Italiani in ritiro a Vevey
L’Italia in ritiro a Vevey

— Dopo quella sconfitta sembrava già tutto compromesso.
«Ma contro il Belgio fu cambiata mezza squadra. Oltre a Vincenzi, vennero fatti fuori pure gli juventini Muccinelli e Boniperti. Giampiero non era ancora maturo per fare la mezzala, all’attacco entrò Cappello e vincemmo 4-1, ci rimettemmo in corsa, perché la Svizzera perse dall’Inghilterra 2-0 (noi e l’Inghilterra eravamo le due teste di serie del girone, non era un girone all’italiana, allora le due teste di serie dello stesso girone, non si incontravano tra di loro). Essendo finiti a pari punti dovemmo incontrare di nuovo la Svizzera, ma avendo una migliore differenza reti ci bastava pareggiare».

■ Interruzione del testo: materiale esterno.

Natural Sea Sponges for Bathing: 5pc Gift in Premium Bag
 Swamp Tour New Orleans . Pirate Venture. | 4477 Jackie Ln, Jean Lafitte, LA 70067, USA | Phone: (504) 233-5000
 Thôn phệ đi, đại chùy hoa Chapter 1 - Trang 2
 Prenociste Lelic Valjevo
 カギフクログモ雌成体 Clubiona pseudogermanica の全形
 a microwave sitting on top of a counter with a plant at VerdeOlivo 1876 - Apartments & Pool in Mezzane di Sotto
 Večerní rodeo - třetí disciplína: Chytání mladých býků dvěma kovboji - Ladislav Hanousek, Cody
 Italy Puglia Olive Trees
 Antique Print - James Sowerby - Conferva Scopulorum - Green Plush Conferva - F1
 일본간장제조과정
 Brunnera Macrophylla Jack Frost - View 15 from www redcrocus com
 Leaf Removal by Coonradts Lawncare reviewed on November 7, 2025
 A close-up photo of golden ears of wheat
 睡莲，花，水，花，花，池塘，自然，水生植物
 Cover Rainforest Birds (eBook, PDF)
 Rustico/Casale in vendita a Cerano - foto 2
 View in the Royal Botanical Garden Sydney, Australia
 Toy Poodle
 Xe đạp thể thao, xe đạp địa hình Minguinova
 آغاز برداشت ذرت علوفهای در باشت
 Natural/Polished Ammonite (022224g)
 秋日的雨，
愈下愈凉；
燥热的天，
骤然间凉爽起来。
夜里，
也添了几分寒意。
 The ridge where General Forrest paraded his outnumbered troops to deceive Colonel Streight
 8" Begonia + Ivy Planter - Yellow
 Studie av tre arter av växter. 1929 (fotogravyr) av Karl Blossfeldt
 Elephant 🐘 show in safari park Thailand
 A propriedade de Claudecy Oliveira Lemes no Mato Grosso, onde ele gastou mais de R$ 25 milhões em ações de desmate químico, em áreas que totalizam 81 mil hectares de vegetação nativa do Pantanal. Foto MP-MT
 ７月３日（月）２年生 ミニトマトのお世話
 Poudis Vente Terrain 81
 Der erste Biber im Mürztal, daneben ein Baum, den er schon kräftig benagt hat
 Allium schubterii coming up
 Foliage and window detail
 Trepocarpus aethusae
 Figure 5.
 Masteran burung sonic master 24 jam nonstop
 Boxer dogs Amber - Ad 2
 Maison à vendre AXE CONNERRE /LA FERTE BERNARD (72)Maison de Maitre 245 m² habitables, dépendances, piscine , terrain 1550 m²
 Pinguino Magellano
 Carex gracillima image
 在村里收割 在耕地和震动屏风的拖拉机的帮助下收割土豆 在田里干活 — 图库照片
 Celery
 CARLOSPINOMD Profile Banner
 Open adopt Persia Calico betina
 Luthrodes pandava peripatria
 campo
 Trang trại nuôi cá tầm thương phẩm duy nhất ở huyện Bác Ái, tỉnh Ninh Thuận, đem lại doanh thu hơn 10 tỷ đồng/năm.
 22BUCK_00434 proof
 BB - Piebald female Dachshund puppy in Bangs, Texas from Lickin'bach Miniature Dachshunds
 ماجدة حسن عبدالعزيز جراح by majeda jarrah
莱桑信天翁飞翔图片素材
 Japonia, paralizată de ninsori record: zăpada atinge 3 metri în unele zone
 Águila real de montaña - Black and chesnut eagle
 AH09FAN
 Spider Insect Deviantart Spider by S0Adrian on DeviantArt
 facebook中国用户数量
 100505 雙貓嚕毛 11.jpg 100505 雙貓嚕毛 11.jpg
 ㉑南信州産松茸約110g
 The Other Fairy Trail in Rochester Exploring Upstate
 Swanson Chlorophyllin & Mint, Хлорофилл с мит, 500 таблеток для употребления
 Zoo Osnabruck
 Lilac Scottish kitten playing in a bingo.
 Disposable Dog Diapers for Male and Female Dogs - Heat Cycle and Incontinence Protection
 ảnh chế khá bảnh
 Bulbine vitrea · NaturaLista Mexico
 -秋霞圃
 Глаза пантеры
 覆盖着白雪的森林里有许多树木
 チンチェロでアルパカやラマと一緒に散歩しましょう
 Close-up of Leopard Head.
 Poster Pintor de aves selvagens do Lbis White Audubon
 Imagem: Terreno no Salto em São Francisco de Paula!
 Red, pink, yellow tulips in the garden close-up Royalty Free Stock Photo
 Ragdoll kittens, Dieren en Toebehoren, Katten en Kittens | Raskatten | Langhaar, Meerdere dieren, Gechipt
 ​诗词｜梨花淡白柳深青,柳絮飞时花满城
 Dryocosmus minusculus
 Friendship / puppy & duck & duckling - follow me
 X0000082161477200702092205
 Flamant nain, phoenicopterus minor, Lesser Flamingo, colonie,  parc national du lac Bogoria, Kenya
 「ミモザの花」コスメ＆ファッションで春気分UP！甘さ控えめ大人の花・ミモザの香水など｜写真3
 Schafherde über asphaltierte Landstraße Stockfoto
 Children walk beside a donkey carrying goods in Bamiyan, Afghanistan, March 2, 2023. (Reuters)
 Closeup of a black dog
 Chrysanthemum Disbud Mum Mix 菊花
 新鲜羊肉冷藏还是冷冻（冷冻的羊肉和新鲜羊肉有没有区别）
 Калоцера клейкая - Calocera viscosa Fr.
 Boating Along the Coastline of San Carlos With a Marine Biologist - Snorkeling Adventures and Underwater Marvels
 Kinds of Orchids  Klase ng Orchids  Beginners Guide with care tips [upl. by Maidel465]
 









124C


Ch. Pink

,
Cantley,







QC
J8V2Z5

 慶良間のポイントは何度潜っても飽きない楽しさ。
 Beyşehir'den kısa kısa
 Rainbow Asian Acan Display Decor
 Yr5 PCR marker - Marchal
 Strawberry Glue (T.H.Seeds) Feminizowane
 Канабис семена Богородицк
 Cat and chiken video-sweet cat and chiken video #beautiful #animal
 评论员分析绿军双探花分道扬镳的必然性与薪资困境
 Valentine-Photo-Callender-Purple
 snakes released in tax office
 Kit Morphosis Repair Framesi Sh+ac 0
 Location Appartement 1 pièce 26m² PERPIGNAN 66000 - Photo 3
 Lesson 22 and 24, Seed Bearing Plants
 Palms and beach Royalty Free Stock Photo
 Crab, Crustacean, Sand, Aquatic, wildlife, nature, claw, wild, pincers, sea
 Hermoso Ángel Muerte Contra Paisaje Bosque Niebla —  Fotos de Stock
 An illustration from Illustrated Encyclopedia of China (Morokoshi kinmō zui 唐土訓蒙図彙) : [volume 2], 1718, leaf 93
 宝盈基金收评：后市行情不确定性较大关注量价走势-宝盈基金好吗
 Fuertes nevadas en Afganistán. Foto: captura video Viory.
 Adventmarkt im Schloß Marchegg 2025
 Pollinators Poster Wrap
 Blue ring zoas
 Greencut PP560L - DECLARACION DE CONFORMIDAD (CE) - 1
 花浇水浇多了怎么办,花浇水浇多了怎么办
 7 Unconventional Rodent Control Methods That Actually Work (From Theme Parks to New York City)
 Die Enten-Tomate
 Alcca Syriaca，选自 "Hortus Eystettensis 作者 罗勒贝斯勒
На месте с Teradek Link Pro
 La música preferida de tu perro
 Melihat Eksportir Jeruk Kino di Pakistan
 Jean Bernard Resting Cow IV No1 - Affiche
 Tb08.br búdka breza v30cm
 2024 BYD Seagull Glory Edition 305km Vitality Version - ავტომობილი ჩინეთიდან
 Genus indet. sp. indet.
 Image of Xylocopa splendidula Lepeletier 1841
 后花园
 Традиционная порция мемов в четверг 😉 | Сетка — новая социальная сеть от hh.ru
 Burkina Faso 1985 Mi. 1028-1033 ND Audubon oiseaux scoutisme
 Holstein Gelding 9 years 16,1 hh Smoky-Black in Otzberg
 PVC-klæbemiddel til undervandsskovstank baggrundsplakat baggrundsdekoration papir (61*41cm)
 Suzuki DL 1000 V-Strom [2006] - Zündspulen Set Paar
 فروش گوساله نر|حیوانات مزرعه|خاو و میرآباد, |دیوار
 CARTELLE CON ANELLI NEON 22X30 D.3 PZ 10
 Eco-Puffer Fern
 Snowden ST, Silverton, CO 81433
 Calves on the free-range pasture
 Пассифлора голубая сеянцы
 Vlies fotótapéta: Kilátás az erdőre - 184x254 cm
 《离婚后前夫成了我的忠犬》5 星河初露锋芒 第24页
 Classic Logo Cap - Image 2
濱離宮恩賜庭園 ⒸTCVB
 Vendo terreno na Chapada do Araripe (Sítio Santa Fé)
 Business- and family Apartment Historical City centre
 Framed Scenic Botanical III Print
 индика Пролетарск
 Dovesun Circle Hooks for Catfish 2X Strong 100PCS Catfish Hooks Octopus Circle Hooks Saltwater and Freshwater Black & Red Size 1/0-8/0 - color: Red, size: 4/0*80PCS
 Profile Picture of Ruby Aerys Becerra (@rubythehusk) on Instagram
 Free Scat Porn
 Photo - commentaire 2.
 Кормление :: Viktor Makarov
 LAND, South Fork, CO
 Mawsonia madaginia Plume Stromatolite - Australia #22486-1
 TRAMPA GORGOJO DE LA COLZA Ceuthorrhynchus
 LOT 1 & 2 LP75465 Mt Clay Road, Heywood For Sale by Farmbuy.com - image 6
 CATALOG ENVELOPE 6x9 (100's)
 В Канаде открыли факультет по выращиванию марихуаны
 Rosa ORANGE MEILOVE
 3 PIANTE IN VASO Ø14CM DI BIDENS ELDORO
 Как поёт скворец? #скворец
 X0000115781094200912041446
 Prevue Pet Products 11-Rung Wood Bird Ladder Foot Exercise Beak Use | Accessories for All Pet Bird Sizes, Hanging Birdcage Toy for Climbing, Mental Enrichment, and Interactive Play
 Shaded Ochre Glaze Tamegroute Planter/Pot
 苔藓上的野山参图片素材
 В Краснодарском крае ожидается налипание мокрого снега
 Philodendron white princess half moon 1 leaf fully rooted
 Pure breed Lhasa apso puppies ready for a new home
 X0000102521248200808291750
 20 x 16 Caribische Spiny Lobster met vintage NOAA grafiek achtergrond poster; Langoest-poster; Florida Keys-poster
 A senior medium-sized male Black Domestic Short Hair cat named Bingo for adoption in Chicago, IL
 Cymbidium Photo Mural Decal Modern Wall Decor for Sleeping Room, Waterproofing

— Invece perdeste per quattro a uno e Hügi II segnò ancora due gol…
«Fu un suicidio. Prendere quattro gol da una squadra che fa catenaccio (il famoso ”verrou” n.d.r.) è assurdo. Ma ancora una volta infischiandosene del risultato, Czeizler ci chiese di far bella figura e ci mandò all’attacco. Sbilanciandosi in avanti, la nazionale era fatalmente esposta al contropiede degli avversari. Gli ultimi due gol della Svizzera arrivarono negli ultimi minuti, ma noi avevamo accorciato le distanze, con Nesti, al 67′, in pratica il risultato non era mai stato in discussione. I dirigenti federali poi, invece di caricarci, alla vigilia erano venuti a raccontarci che gli svizzeri non volevano nemmeno giocare, erano intenzionati a dare “forfait” perché tanto erano già sicuri di perdere. Oggi certi errori, anche psicologici, non si ripeterebbero più. Continuo a leggere ancora nelle rievocazioni sui giornali che in Svizzera fummo eliminati per colpa dell’arbitro Viana che annullò un gol di Lorenzi. Ma io dico che è ora di finirla con i piagnistei e col vittimismo. Dalla Svizzera perdemmo per colpa nostra, per i nostri errori, lasciamo stare l’arbitro».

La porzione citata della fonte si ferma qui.